START PROVIDED ENTRIES

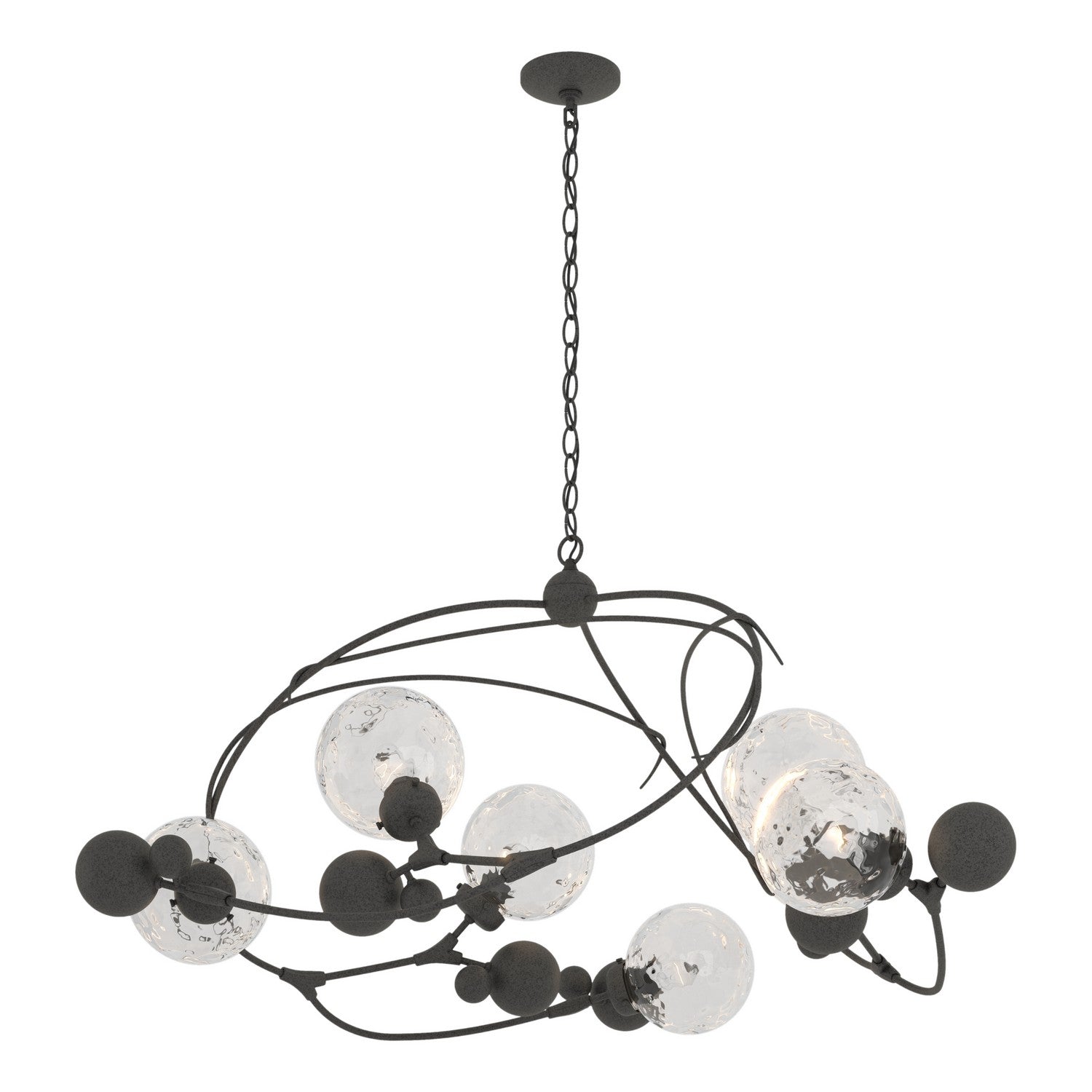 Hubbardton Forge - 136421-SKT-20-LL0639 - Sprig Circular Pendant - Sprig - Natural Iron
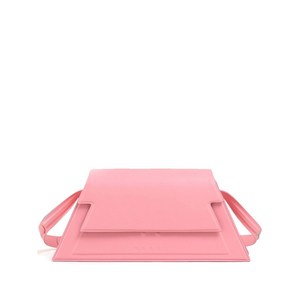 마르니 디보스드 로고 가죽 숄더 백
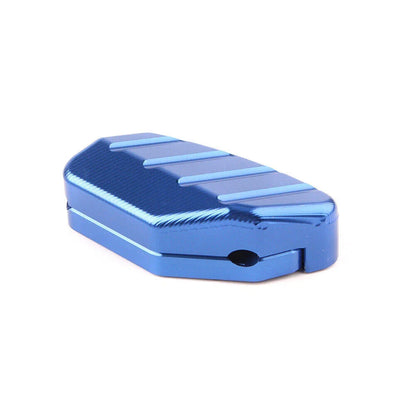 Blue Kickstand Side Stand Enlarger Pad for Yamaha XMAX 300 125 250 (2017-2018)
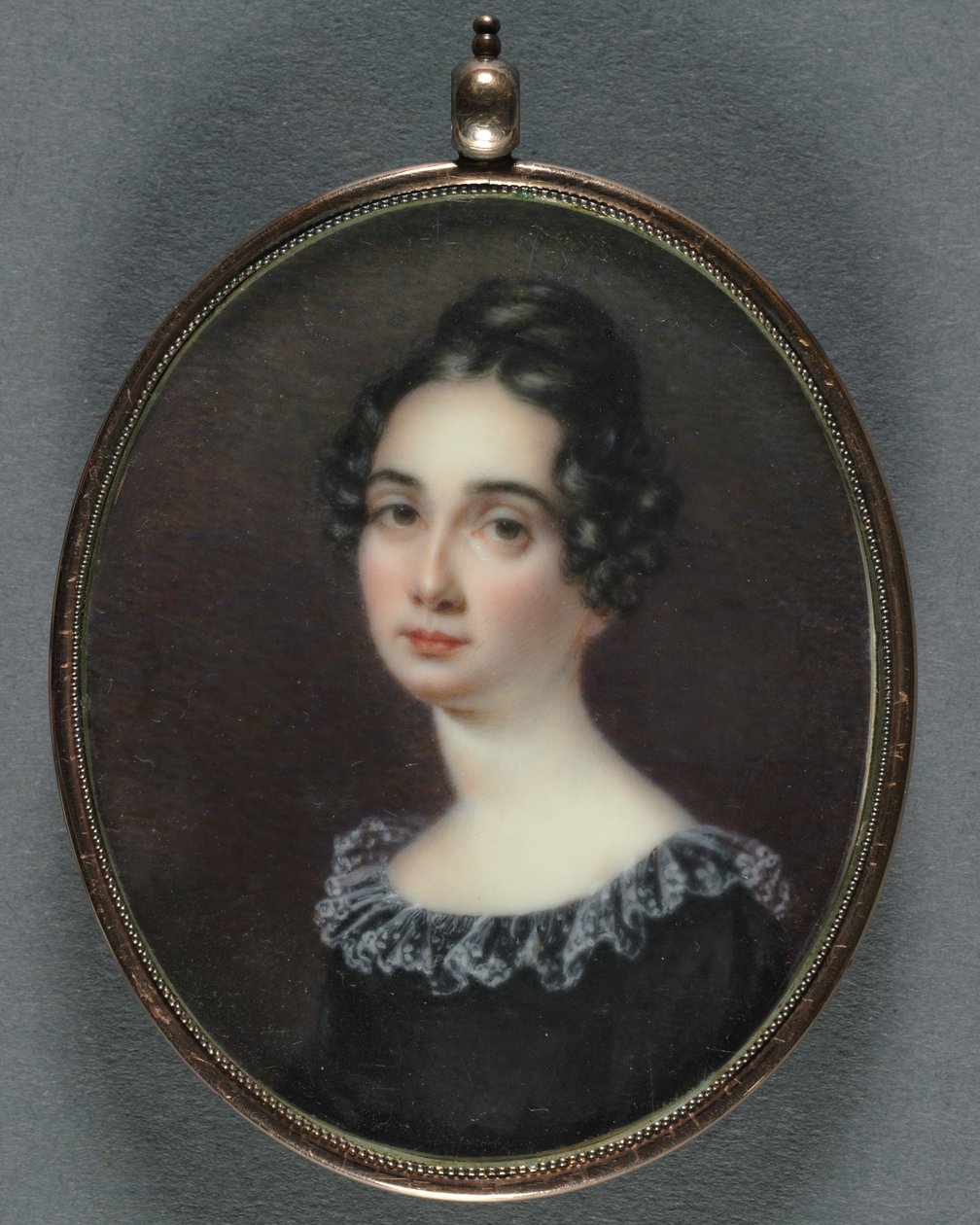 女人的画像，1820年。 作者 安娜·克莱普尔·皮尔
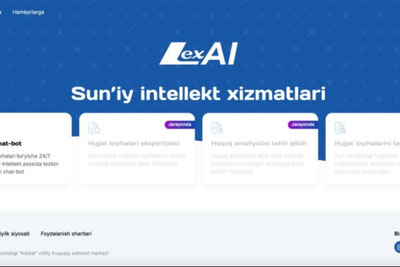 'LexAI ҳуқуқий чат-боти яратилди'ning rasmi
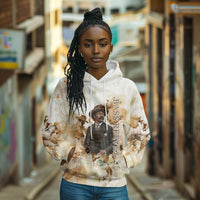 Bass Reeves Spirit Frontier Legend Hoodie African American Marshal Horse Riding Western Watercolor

END PROVIDED ENTRIES

EXERCISE DETAILS -> An exact copy of every entry above is needed, minus the pictures.

WRITTEN REPLY ->
 Hubbardton Forge - 136421-SKT-20-LL0639 - Sprig Circular Pendant - Sprig - Natural Iron
 마르니 디보스드 로고 가죽 숄더 백
 Blue Kickstand Side Stand Enlarger Pad for Yamaha XMAX 300 125 250 (2017-2018)
 女人的画像，1820年。 作者 安娜·克莱普尔·皮尔
 'LexAI ҳуқуқий чат-боти яратилди'ning rasmi
 Bass Reeves Spirit Frontier Legend Hoodie African American Marshal Horse Riding Western Watercolor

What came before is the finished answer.